Could you please return each line of the data that has the word "Decorative"?

Top of Data provided

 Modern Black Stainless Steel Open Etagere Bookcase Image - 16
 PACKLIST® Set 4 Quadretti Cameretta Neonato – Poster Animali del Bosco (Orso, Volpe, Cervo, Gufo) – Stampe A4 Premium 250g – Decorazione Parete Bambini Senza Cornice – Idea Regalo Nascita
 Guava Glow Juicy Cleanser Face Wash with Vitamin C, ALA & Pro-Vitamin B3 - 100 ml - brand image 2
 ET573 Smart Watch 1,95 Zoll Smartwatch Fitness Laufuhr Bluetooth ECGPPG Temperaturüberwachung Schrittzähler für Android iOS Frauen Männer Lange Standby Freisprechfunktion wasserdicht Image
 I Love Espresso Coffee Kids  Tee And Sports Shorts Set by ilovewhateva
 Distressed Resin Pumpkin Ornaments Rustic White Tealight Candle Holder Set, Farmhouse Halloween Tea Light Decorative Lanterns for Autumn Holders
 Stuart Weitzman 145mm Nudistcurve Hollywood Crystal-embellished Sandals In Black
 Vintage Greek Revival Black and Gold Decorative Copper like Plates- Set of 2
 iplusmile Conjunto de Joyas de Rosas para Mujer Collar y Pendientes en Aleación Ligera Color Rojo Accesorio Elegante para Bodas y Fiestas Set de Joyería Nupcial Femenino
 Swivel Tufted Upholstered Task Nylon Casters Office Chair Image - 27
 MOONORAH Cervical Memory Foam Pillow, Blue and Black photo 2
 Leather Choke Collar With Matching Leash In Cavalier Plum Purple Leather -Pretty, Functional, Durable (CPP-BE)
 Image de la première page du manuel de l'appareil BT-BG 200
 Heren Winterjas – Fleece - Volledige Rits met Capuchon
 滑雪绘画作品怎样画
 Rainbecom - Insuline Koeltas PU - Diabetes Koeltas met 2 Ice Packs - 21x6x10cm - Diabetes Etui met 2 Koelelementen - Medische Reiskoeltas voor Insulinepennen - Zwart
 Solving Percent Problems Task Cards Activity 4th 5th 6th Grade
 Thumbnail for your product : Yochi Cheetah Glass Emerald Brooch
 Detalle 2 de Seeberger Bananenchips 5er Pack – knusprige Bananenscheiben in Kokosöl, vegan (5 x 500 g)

Bottom of Data provided

● **Written reply**
 Distressed Resin Pumpkin Ornaments Rustic White Tealight Candle Holder Set, Farmhouse Halloween Tea Light Decorative Lanterns for Autumn Holders
 Vintage Greek Revival Black and Gold Decorative Copper like Plates- Set of 2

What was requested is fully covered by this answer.